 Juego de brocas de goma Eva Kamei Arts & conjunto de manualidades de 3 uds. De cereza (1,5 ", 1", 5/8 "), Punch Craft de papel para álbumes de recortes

==

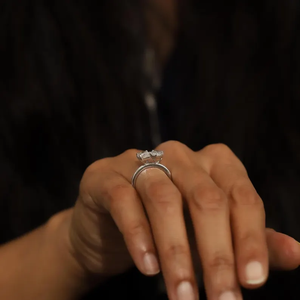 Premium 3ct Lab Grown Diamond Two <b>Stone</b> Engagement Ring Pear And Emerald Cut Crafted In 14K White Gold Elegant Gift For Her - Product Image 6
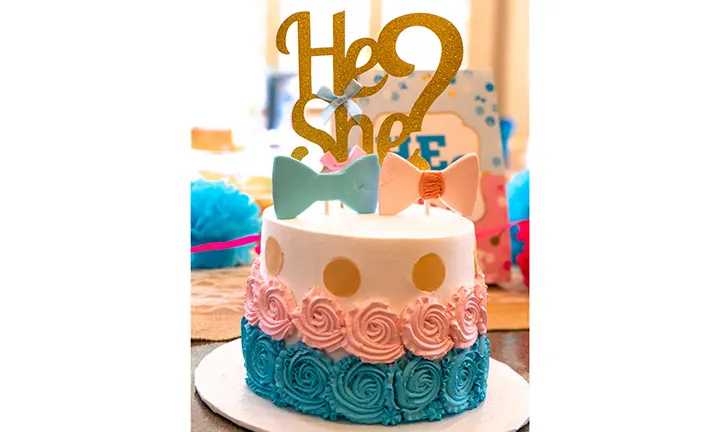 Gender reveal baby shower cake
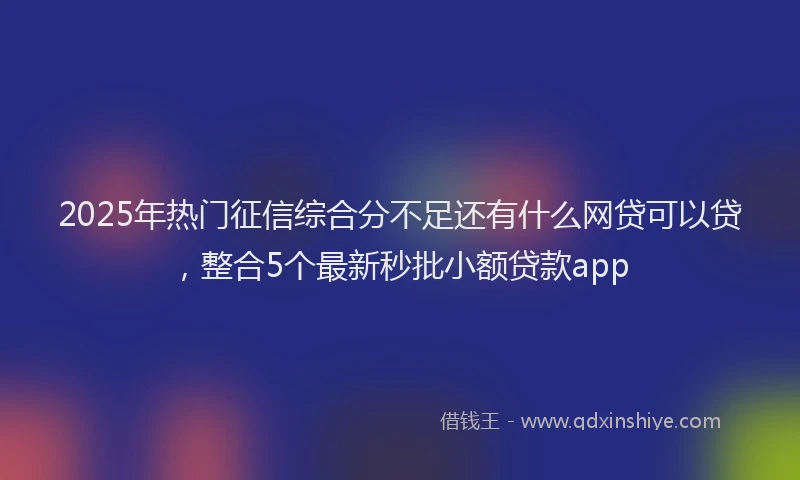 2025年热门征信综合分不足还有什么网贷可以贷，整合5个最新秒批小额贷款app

● **Exercise requirements**: Copy word for word the span of the records above that begins at the line with "Premium 3ct Lab" and ends at the line with "2025年热门征信综合分不足还有什么网贷可以贷，整合5个最新秒批小额贷款app", including those two lines but not the pictures.

● **Task answer**:
 Premium 3ct Lab Grown Diamond Two <b>Stone</b> Engagement Ring Pear And Emerald Cut Crafted In 14K White Gold Elegant Gift For Her - Product Image 6
 Gender reveal baby shower cake
 2025年热门征信综合分不足还有什么网贷可以贷，整合5个最新秒批小额贷款app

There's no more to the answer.